We headed across Las Vegas Boulevard to the New York New York Hotel. We had tickets for a show tonight and this one was an interesting choice. Actually, it was a difficult choice – not a slam dunk by any means.

We saw Roseanne Barr.

I remember watching Roseanne the first time she appeared with Johnny Carson on the Tonight Show. She was truly a breakout star from that very first moment on-camera. A Jewish housewife from Salt Lake City, her performance was totally unexpected – words and actions!

Some people can take success, others cannot. Roseanne was in the second category.

After burning white hot, he career careened. There were work related difficulties, canceled shows, bad marriages and that incident with the National Anthem. It was as if she was working hard at being a failure.

We had heard rumors the original Roseanne was back. That’s why we bought tickets to see her in the Cabaret Theater, a small (450 seat) venue.

Opening was Jackie Beat, a female impersonator/comic. It was, to say the least, a little strange. Though engaging, Jackie was doing (mostly) predictable shtick. Hey – it’s an opening act.

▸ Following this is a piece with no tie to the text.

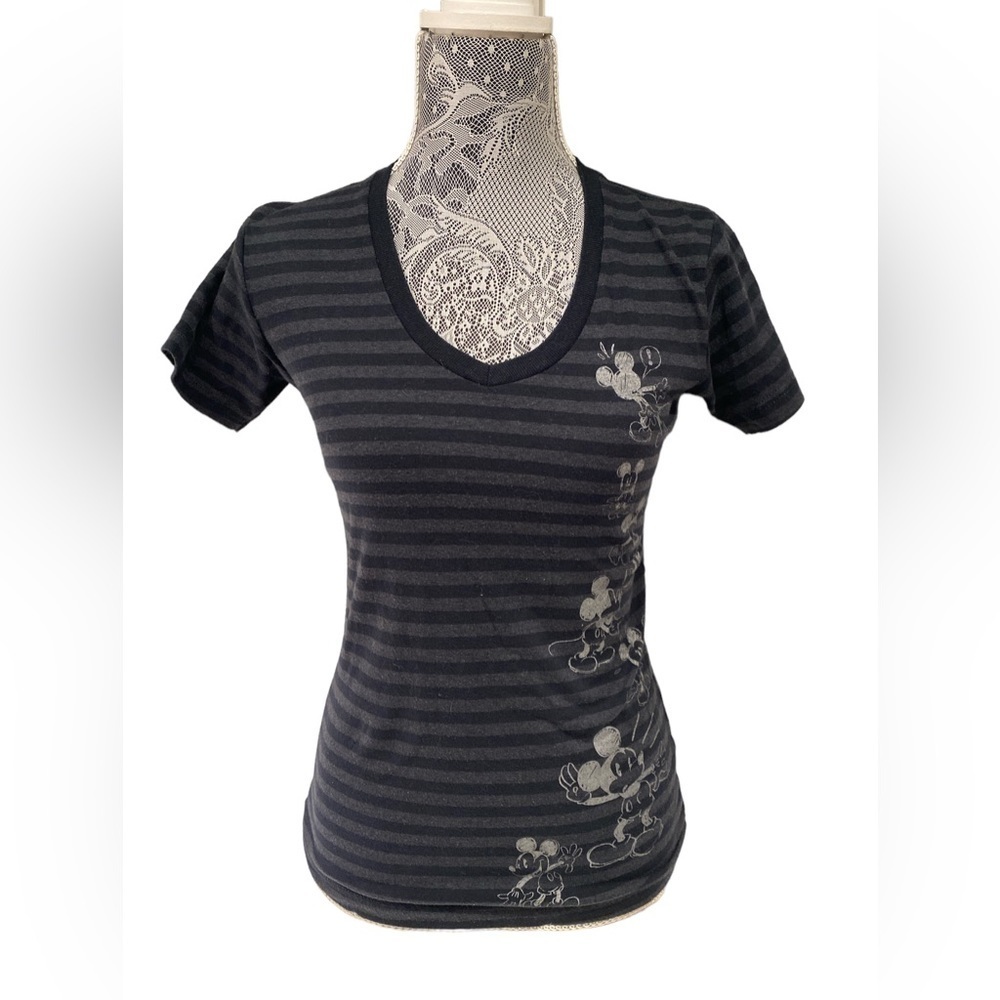 Mickey Mouse Disney Store Stripped Gray T-shirt | Size XS (extra small)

Roseanne came on and she quickly won over the house. She’s a grandmother now. She a little more realistic and fatalistic in choosing her subjects. Still, the observations of life that made her domestic goddess persona so enjoyable came through.

It was a reasonably tight set by an (obviously) professional comedienne. Both Helaine and I laughed a lot. I hope Roseanne can maintain.

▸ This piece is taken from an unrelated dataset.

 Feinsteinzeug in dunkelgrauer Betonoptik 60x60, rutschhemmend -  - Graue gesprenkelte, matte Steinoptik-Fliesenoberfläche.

We returned to the MGM and I headed directly to the poker tables. I needed a little more before going.

I played astoundingly tight. For 45 minutes, I played one hand! Considering a ‘blinds’ of $3 per round, I was down $15 before I really began to play.

I started to build a nice stack until getting clobbered in a big hand. I mean really clobbered. I reached in my wallet and bought more chips.

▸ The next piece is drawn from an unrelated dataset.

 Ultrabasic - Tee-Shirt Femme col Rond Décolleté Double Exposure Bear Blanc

One the next hand… the very next hand… another monster pot. Again, I went all in. This time it went differently. I was within $25 of my starting point.

It never happens like that… except when it does! I continued to play, finishing the night nicely up.

I’ll probably play a little tomorrow before leaving, but right now I’m up. It’s not a lot, but I’m not down! I lost all the tournaments I entered, but won nearly all my cash sessions. That was the difference.

I had a great time and really can see a difference in my no limit cash game play. I was cautiously aggressive. When I had a hand, I did my best to keep ‘limpers’ out. I never got ‘married’ to my cards… OK, seldom did I get married to my cards.

There surely was some luck in my winning. Over time, luck evens out. I hope my good play stays.

How Comedians Were Made

I’ve been watching YouTube tonight. That’s probably a bad thing to say, since watching YouTube means I’m not watching television.

It’s interesting how, in many ways, YouTube (or one of its wannabe sister sites) has become the conduit for many of our shared mutual experiences. That used to be the province of TV. Now, if you missed it when it happened, you can catch up online.

Tonight on YouTube I was watching airchecks of a few comedians first appearances with Johnny Carson. I remembered seeing Rosanne Barr’s first set as it aired on The Tonight Show. Others I may have seen, but they didn’t leave an impression at the time.

When I was going to college and long into my working life, Johnny Carson and the Tonight Show was the only thing on nationally after the late news. There was no Letterman or Leno or Conan or Jon Stewart. Yeah – there was cable, but cable had few additional channels and fewer original productions.

A comedian making his/her debut appearance on the Tonight Show could expect their life to change forever instantly. I’ve heard more than one comic say that.

There were three responses you could get from Johnny. He could politely applaud. That was bad news. He could give you the ‘hi’ sign. That was approval.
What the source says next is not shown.